[SUPPLIED DATA Boundary: Start]

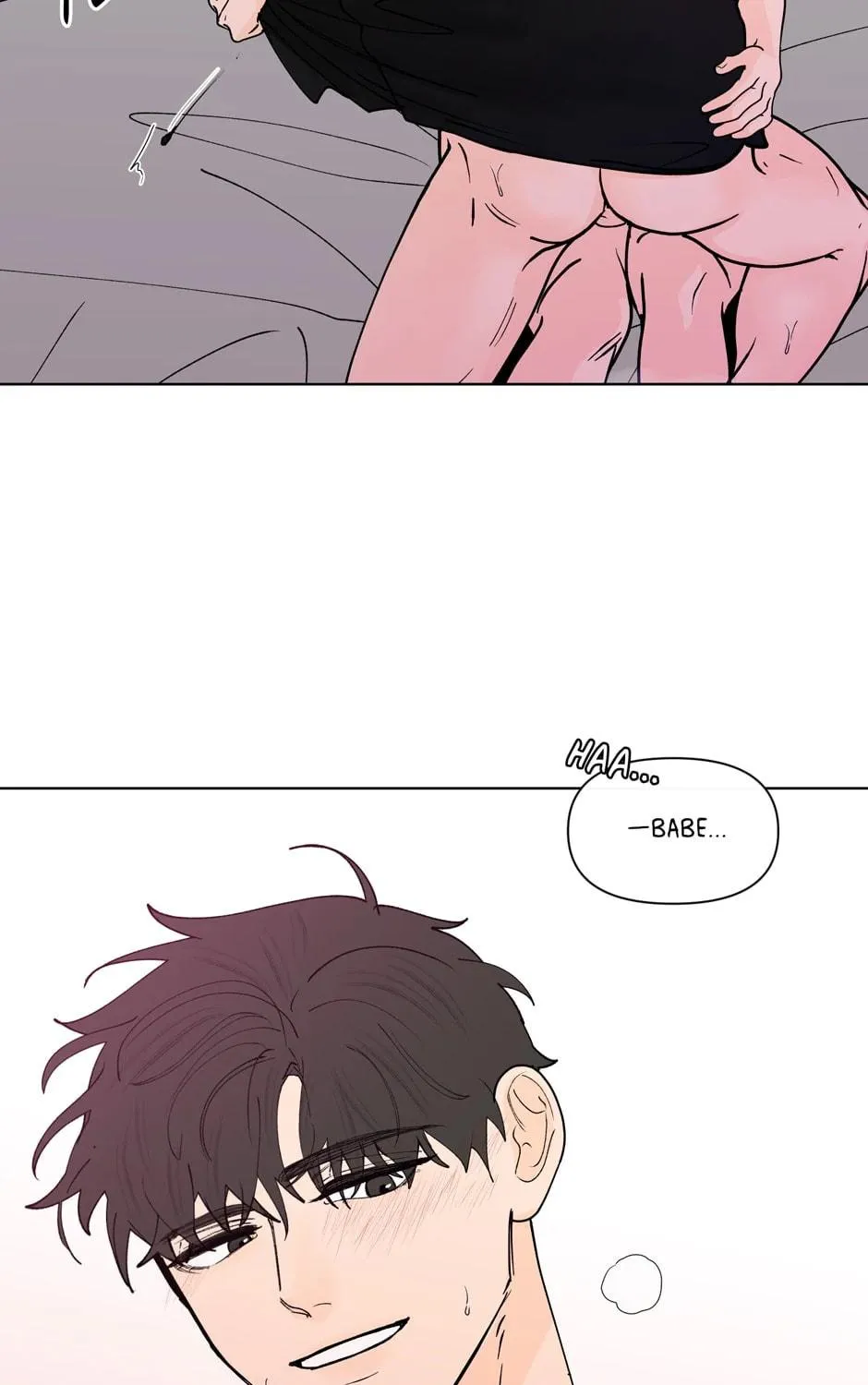 Banana Scandal Chapter 156 page 71 - 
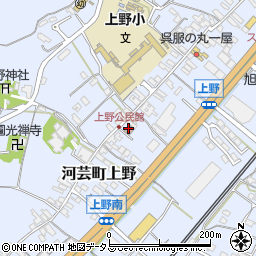 津市役所公民館　上野公民館周辺の地図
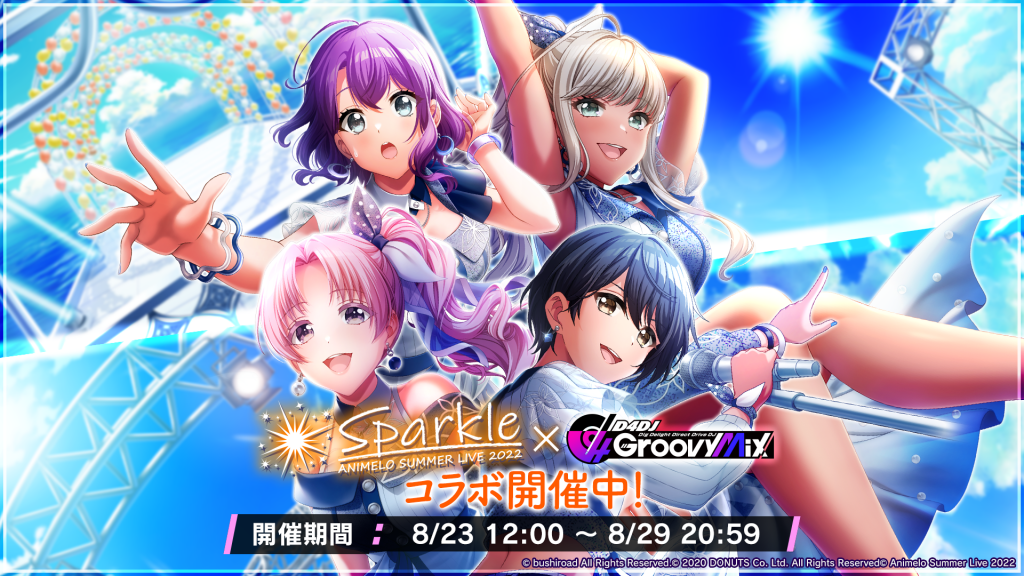 Animelo Summer Live 2022 -Sparkle-」（アニサマ）コラボスタート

[SUPPLIED DATA Boundary: End]

Give every line of the data above again as it stands; the pictures stay out.

__COMPLETED EXERCISE__:
 Banana Scandal Chapter 156 page 71 - 
 津市役所公民館　上野公民館周辺の地図
 Animelo Summer Live 2022 -Sparkle-」（アニサマ）コラボスタート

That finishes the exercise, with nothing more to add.